Petition of Wright, 42 F. Supp. 306 (E.D. Mich. 1941)

US District Court for the Eastern District of Michigan - 42 F. Supp. 306 (E.D. Mich. 1941)
December 23, 1941

42 F. Supp. 306 (1941)

Petition of WRIGHT.

No. 145191.

District Court, E. D. Michigan, S. D.

December 23, 1941.

Bodman, Longley, Bogle, Middleton & Farley, of Detroit, Mich., for petitioner.

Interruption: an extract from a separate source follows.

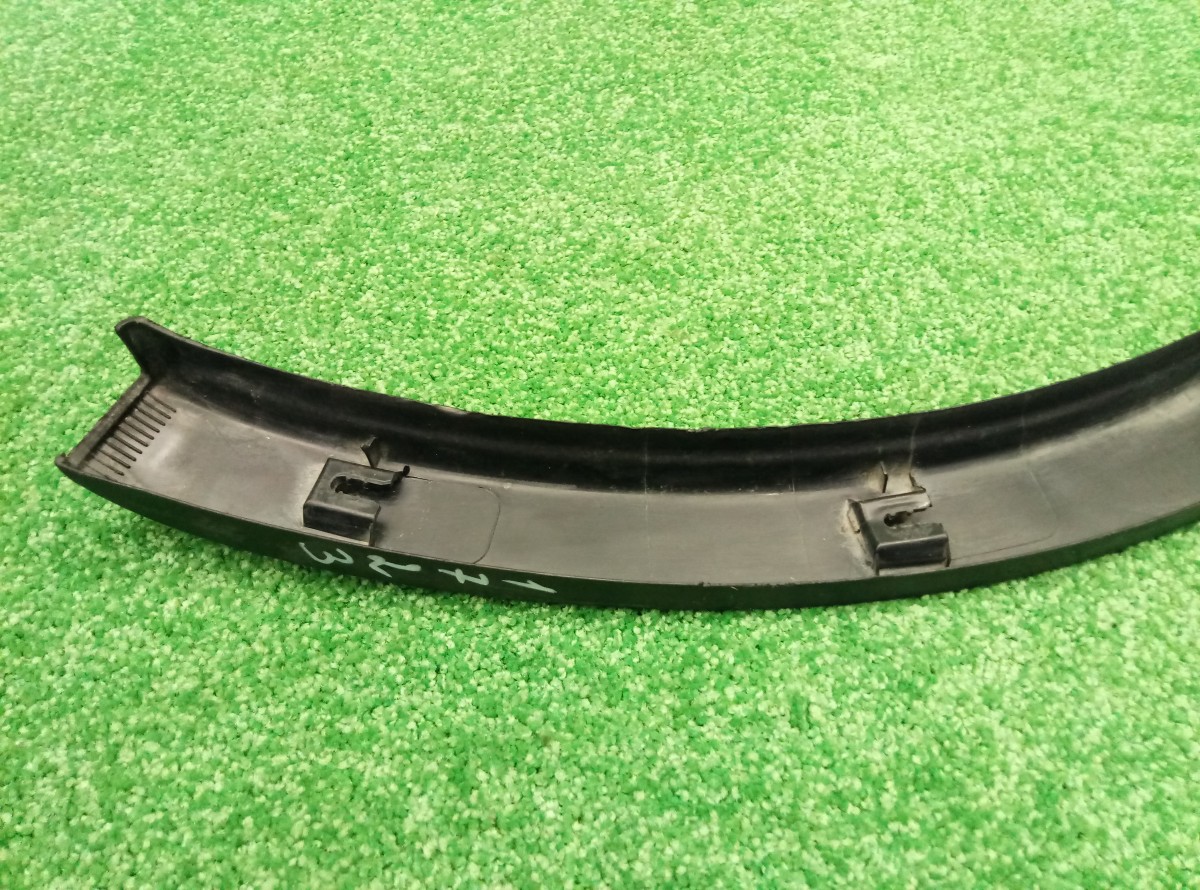 Накладка заднего крыла левого Nissan Qashqai J10 2006-2010 93829BR0 на Nissan Qashqai J10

Wade M. Becker, of Detroit, Mich., for Immigration and Naturalization Service.

TUTTLE, District Judge.

This case presents the question of whether an applicant for citizenship has resided continuously within the United States for *307 five years preceding the date of his petition, as required by the naturalization statutes. (8 U.S.C.A. § 707.) Petitioner is a citizen of Great Britain. He was born in Windsor, Ontario, which is located directly across the Detroit River from Detroit. He originally resided with his wife and children in Windsor, but like many other residents of Windsor, secured regular employment on the American side of the river and commuted between Windsor and Detroit. About 1920, he secured employment at the Ford Motor Company in this country, which employment has continued until the present time. In 1924, petitioner moved with his family to Birmingham, Michigan, and started to buy a home on contract. In 1929, he surrendered this contract and returned with his family to Windsor, and from that time until 1934 he commuted to and from his work across the river. It is clear, and the court finds, that from 1924 to 1929 the residence and domicile of petitioner were in Birmingham and that from 1929 to 1934 his residence and domicile were in Windsor. In 1934, petitioner decided that since his work was in this country he wanted to become a citizen of the United States. However, his daughter had commenced a training course in Windsor, Ontario, to become a teacher. In order to acquire American citizenship as early as possible, petitioner therefore rented a room in Dearborn, Michigan, to live in, leaving his wife, daughter, and son at the home he had established in Windsor until his daughter could complete her education. Petitioner spent most of his week-day nights from that time until 1939 at his room in Dearborn, returning to spend most of his week-ends with his family in Windsor. He informed his friends that he was establishing a residence in Dearborn for the purpose of becoming a citizen. He contributed to the community fund there, took his vacation with his family in this country, and usually had his family come to this country to be with him on holidays (although they did not stay in his room). He deliberately spent his nights in Detroit when he would have preferred, apart from the requirements for citizenship, to stay with his family in Windsor. Altogether, it was more than $1,000 more expensive to him to pursue this course of action than to have remained in Windsor.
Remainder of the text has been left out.